Exercise goal -
Leave the pictures aside and copy all the data exactly.

Dataset extract -
⟨

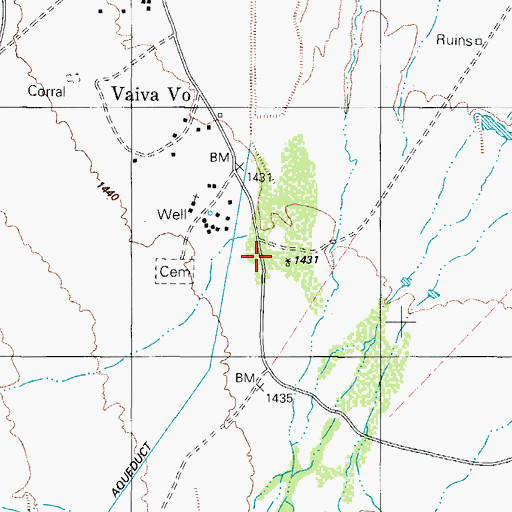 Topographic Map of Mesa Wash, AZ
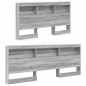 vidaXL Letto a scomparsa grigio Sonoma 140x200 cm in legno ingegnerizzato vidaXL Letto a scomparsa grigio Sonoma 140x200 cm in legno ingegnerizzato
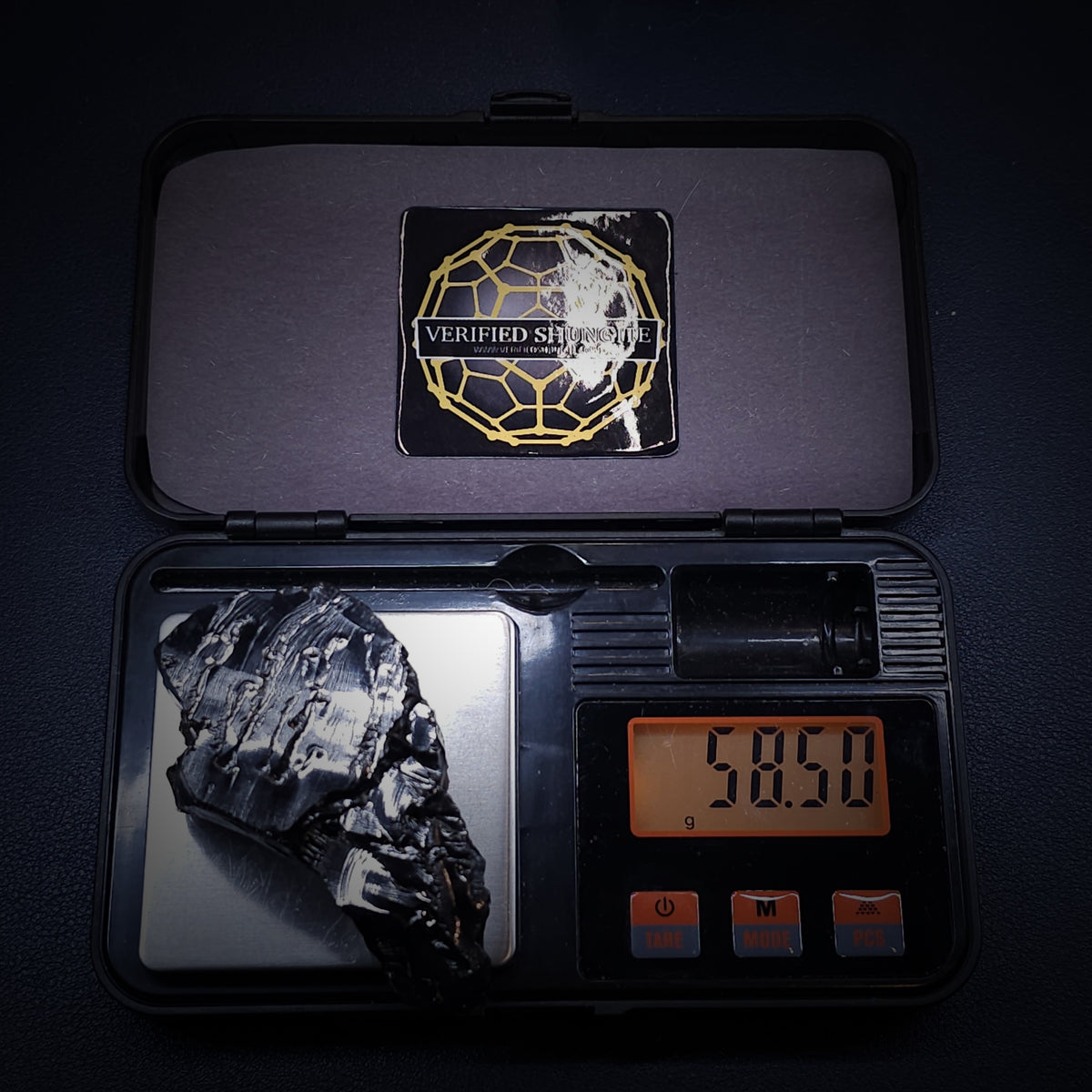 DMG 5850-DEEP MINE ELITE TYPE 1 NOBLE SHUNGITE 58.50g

⟩

Finished task -
 Topographic Map of Mesa Wash, AZ
 vidaXL Letto a scomparsa grigio Sonoma 140x200 cm in legno ingegnerizzato vidaXL Letto a scomparsa grigio Sonoma 140x200 cm in legno ingegnerizzato
 DMG 5850-DEEP MINE ELITE TYPE 1 NOBLE SHUNGITE 58.50g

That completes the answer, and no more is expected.